Discovery of Emerging Design Patterns in Ontologies Using Tree Mining
The research goal of this work is to investigate modeling patterns that recur in ontologies. Such patterns may originate from certain design solutions, and they may possibly indicate emerging ontology design patterns. We describe our tree-mining method for identifying the emerging design patterns. The method works in two steps: (1) we transform the ontology axioms in a tree shape in order to find axiom patterns; and then, (2) we use association analysis to mine co-occuring axiom patterns in order to extract emerging design patterns. We conduct an experimental study on a set of 331 ontologies from the BioPortal repository. We show that recurring axiom patterns appear across all individual ontologies, as well as across the whole set.
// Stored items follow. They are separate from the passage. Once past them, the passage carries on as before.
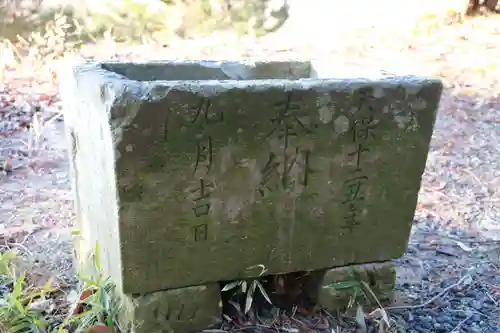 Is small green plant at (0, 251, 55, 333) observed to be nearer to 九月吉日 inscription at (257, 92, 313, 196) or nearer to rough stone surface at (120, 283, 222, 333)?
rough stone surface at (120, 283, 222, 333)

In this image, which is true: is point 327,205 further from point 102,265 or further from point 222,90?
point 102,265

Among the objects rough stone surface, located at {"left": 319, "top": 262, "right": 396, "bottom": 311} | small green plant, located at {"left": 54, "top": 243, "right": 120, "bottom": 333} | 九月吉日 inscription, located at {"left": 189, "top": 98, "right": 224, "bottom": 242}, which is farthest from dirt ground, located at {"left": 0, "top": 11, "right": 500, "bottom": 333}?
九月吉日 inscription, located at {"left": 189, "top": 98, "right": 224, "bottom": 242}

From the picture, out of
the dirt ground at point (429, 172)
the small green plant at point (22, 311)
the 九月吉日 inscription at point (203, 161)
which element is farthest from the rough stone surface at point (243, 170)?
the dirt ground at point (429, 172)

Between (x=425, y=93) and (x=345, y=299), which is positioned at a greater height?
(x=425, y=93)

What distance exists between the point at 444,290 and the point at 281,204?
36.3 inches

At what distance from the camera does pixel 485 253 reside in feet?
8.47

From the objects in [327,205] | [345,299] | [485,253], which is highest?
[327,205]

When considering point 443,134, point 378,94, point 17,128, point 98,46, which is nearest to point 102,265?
point 378,94

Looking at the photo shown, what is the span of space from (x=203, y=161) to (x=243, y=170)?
4.9 inches

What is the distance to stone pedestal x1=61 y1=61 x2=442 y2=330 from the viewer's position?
1521mm

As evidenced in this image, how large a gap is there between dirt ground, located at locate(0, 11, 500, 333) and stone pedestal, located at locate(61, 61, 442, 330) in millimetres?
378

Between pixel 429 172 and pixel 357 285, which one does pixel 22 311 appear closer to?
pixel 357 285

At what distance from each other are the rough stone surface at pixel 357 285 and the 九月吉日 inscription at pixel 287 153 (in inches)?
15.2

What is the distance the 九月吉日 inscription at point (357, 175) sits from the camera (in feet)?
5.61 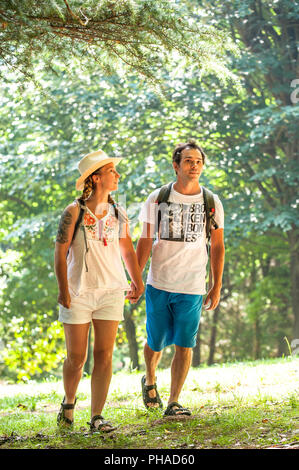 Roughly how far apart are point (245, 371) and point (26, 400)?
9.52 ft

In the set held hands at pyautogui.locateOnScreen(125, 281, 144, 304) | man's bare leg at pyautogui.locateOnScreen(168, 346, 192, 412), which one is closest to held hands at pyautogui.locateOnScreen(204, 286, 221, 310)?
man's bare leg at pyautogui.locateOnScreen(168, 346, 192, 412)

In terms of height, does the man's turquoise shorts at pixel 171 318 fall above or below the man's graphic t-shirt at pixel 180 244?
below

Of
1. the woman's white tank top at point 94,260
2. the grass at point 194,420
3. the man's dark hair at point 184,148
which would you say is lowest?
the grass at point 194,420

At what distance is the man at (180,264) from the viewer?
487 centimetres

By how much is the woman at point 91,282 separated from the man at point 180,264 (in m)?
0.52

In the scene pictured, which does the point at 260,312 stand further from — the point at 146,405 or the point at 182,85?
the point at 146,405

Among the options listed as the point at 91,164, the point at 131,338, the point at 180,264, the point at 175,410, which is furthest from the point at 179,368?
the point at 131,338

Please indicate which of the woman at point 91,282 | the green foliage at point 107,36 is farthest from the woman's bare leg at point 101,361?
the green foliage at point 107,36

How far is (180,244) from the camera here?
195 inches

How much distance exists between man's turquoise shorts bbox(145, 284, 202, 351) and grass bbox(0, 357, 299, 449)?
611mm

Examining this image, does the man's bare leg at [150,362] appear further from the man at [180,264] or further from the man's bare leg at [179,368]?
the man's bare leg at [179,368]

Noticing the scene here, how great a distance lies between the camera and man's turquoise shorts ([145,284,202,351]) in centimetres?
486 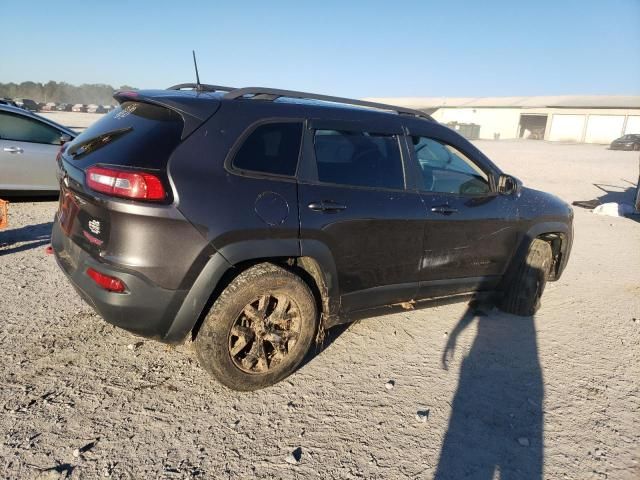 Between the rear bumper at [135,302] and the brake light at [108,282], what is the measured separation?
22 mm

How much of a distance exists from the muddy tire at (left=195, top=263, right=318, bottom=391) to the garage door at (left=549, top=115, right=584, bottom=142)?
193ft

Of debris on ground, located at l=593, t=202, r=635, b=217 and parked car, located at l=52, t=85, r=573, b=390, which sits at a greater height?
parked car, located at l=52, t=85, r=573, b=390

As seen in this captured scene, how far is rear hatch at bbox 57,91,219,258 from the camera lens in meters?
2.48

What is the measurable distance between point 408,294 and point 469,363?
707 mm

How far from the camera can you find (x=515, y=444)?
8.75 ft

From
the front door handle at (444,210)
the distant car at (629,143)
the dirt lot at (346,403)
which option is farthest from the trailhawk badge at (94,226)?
the distant car at (629,143)

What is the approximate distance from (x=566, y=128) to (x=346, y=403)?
5985 centimetres

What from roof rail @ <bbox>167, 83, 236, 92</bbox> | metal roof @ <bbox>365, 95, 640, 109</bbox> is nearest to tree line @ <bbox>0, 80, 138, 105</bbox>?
metal roof @ <bbox>365, 95, 640, 109</bbox>

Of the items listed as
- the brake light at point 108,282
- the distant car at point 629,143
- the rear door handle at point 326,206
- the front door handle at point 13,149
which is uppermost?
the rear door handle at point 326,206

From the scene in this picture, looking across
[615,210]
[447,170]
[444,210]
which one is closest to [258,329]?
[444,210]

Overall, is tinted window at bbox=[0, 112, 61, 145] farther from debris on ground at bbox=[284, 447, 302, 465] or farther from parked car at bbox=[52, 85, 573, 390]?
debris on ground at bbox=[284, 447, 302, 465]

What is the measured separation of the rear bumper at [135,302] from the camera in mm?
2523

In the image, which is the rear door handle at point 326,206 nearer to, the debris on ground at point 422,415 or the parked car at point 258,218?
the parked car at point 258,218

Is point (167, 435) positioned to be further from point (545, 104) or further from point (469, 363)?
point (545, 104) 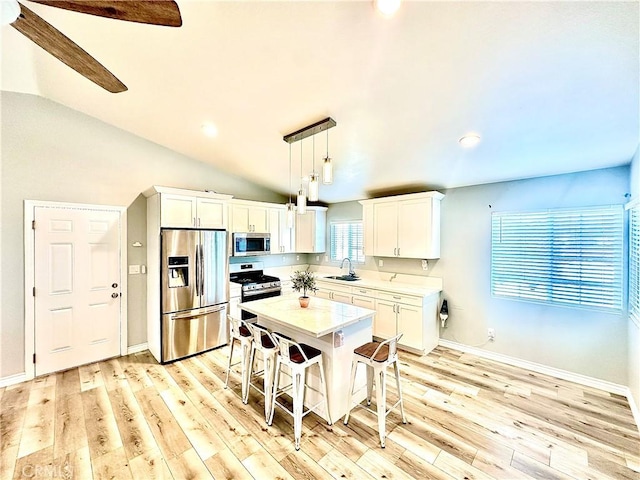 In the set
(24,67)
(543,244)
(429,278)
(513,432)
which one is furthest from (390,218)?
(24,67)

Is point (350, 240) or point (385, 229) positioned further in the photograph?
point (350, 240)

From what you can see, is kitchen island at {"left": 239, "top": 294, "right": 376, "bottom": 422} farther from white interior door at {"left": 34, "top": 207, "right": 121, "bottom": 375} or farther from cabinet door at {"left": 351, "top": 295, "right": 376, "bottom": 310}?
white interior door at {"left": 34, "top": 207, "right": 121, "bottom": 375}

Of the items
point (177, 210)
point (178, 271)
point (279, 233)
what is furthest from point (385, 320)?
point (177, 210)

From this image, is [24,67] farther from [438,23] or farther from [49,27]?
[438,23]

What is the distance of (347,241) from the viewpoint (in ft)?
18.0

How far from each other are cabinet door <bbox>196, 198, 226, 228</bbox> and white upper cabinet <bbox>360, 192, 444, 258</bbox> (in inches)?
94.5

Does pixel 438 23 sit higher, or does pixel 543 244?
pixel 438 23

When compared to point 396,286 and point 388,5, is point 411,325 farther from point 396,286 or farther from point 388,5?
point 388,5

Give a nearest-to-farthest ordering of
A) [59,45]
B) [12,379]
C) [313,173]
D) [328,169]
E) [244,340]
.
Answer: [59,45]
[328,169]
[313,173]
[244,340]
[12,379]

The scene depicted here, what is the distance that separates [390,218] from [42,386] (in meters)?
5.01

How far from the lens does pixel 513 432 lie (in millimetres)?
2303

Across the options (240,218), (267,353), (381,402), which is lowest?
(381,402)

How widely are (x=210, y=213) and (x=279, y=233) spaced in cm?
145

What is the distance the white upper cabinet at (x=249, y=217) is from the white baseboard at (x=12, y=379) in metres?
3.04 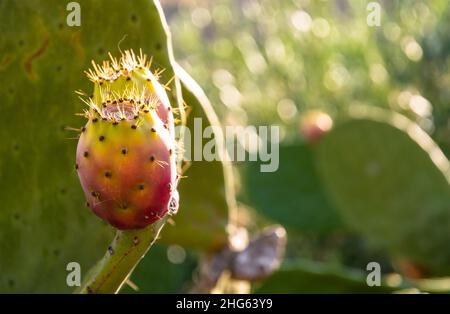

In individual ontologies, we find frequent and non-trivial patterns with and without variables. Some of the former patterns have more than 300,000 occurrences. The longest pattern without a variable discovered from the whole ontology set has size 12, and it appears in 14 ontologies. To the best of our knowledge, this is the first method for automatic discovery of emerging design patterns in ontologies. Finally, we demonstrate that we are able to automatically detect patterns, for which we have manually confirmed that they are fragments of ontology design patterns described in the literature. Since our method is not specific to particular ontologies, we conclude that we should be able to discover new, emerging design patterns for arbitrary ontology sets.